● What this task involves
Print exactly the lines that run from the one containing "House for Sale" to the final line of the data, both included, and print none of the pictures.
(Data below)
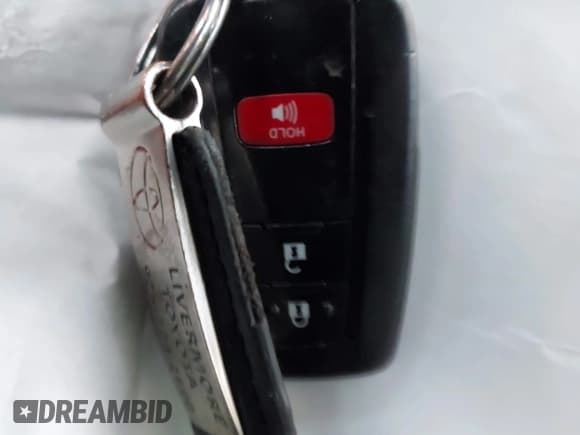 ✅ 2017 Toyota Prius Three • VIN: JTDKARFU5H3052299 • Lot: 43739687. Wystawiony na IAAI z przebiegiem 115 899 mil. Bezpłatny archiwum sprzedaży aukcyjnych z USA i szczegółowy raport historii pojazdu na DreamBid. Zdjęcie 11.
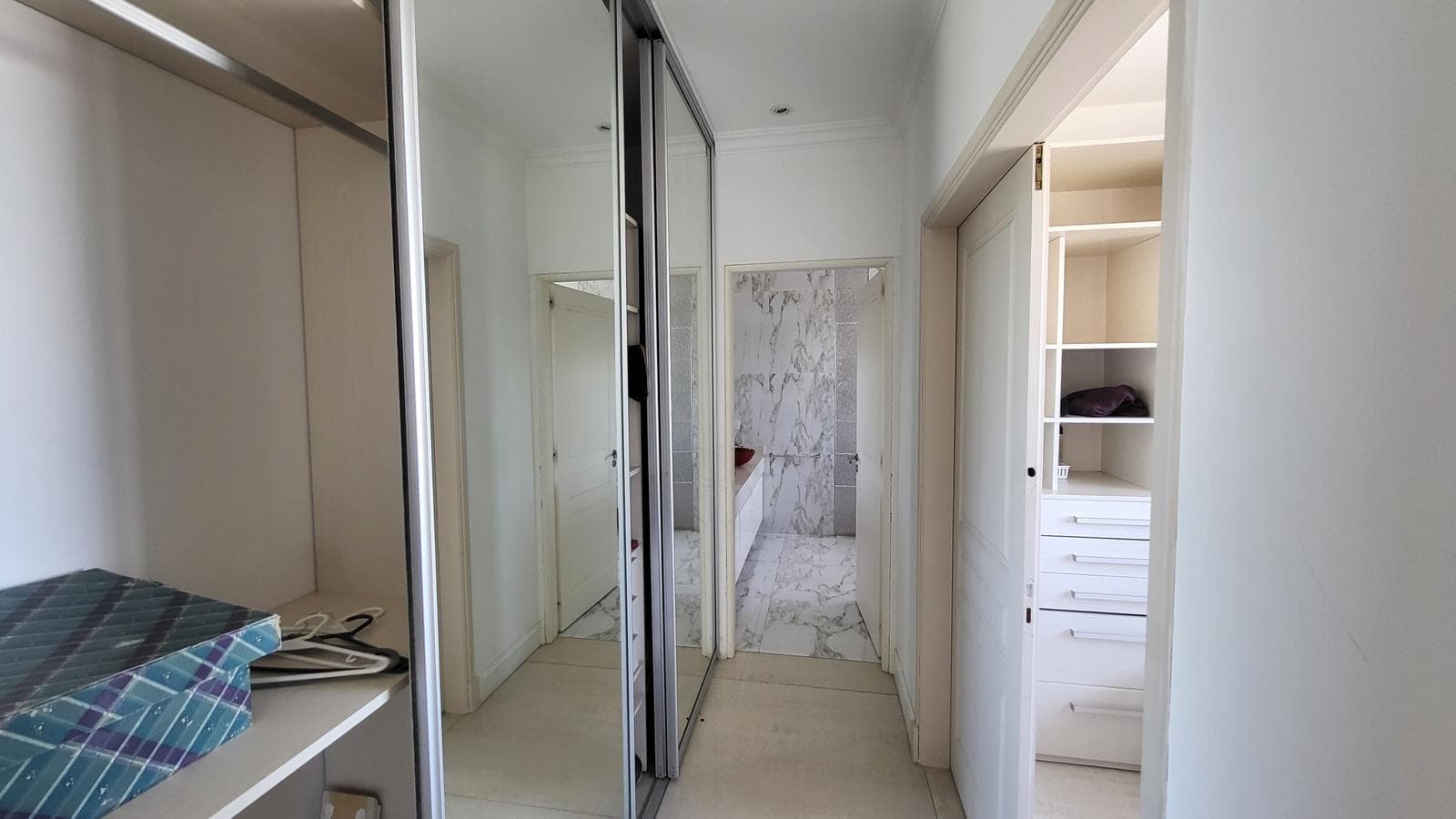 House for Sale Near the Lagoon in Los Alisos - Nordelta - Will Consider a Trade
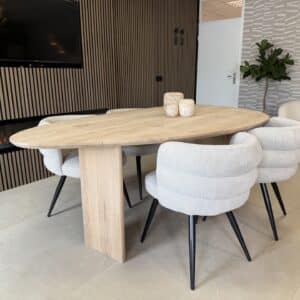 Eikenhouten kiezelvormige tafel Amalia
(End Data below)
● Answer to the exercise
 House for Sale Near the Lagoon in Los Alisos - Nordelta - Will Consider a Trade
 Eikenhouten kiezelvormige tafel Amalia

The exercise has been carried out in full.